Thursday, 3 May 2012

EIS Seminar 9th May


Dr Serengul Smith, Dr Paula Bernaschina, Vanessa Hill and Adam Edwards will give a talk entitled Superhighways into the Curriculum and Employability: A Three-Way Collaboration. The talk will be on May 9th in G229 starting at 3.

For graduates, gaining employability skills throughout their education is now more important than ever in the current economic climate. Teaching institutions have been increasingly investing in various approaches to ensure that their graduates are fully equipped with knowledge and transferable skills and are able to respond to the changing needs of the job market.
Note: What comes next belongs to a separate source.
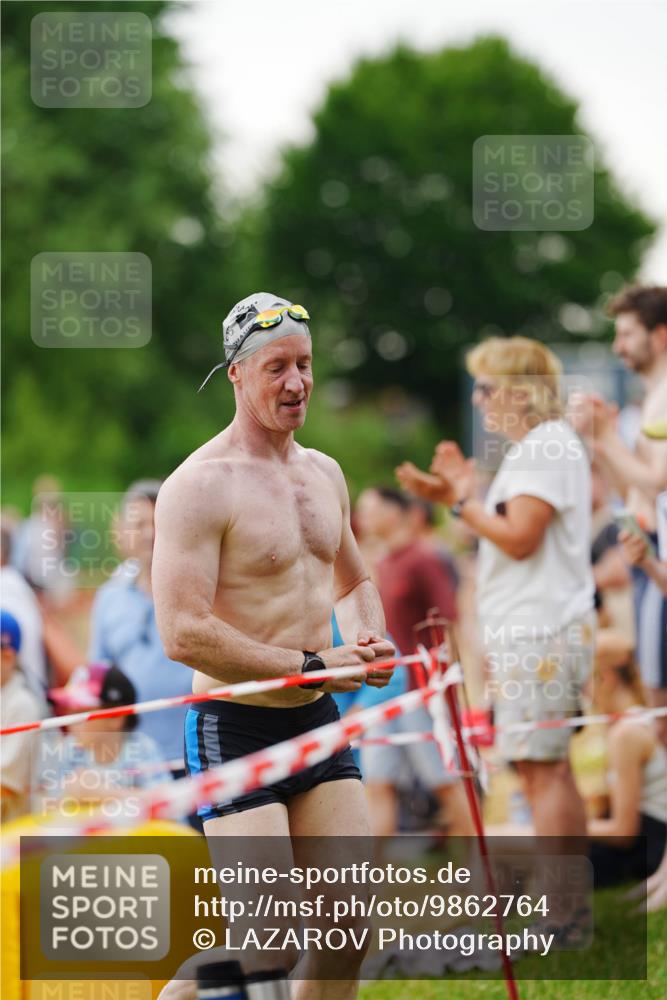 21.06.2026 - 29. Vierlanden-Triathlon LAZAROV Photography http://msf.ph/oto/9862764 21.06.2026 10:06:23 Schwimmen 438, 444, 458, 464, 467 meine-sportfotos.de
Therefore, Middlesex University is building a framework integrating professional skills into curriculum and course design and providing students and academic staff with relevant support and resources.

For a variety of reasons computing science and engineering students tend not to be “readers” or “writers”. They often arrive at university not realising that they will need sound information literacy skills and ability to filter and evaluate the most appropriate sources to do research nor that they are expected to read and write reports and essays at academic level. Intertwined in these actions is the ability to think critically. The lack of criticality is most apparent when students produce written work, which is most often simply a summary of what they have read or done. Although the act of writing is often considered to be a solitary one, in reality this is not the case, especially when the writing takes place in an academic environment. There are many steps that lead up to the moment when words are chosen to express and communicate the ideas and thought processes of the writer. Without these steps there is nothing to write. Therefore, it is crucial that university students are aware of the process they need to undertake in order to progress to an expected level.

At Middlesex University we have formed an intra-university team (The School of Engineering and Information Sciences, the Learner Development Unit and Learning Resources) to target the development of academic and information literacy as well as graduate employability. This paper discusses and critically analyses progress so far with the integration of various skill sets into the wider employability skills framework devised by the School of Engineering and Information Sciences (EIS). Integration has been carried out at a programme level in order to avoid any overlap between the modules of a programme so as to ensure all students receive consistent standards of skills training. This has included work planning the detailed curricula to be followed at each level and coordinating this with academic writing, information literacy and other skills.
Embedding our work within the syllabus of each programme has not only raised student awareness of our existence but also of the importance of each of these aspects (information literacy and academic/professional literacy) in their academic work.

Online surveys have been conducted to elicit data on the marks gained for the linked coursework, the skills and knowledge retained by the students and the views of their tutors as to whether this has made a real difference to the quality of the work the students have produced. As a result, our embedding has grown and moved beyond the 1st year students, we intend to widen our spectrum from 1st year trial to the final year project and MSc level.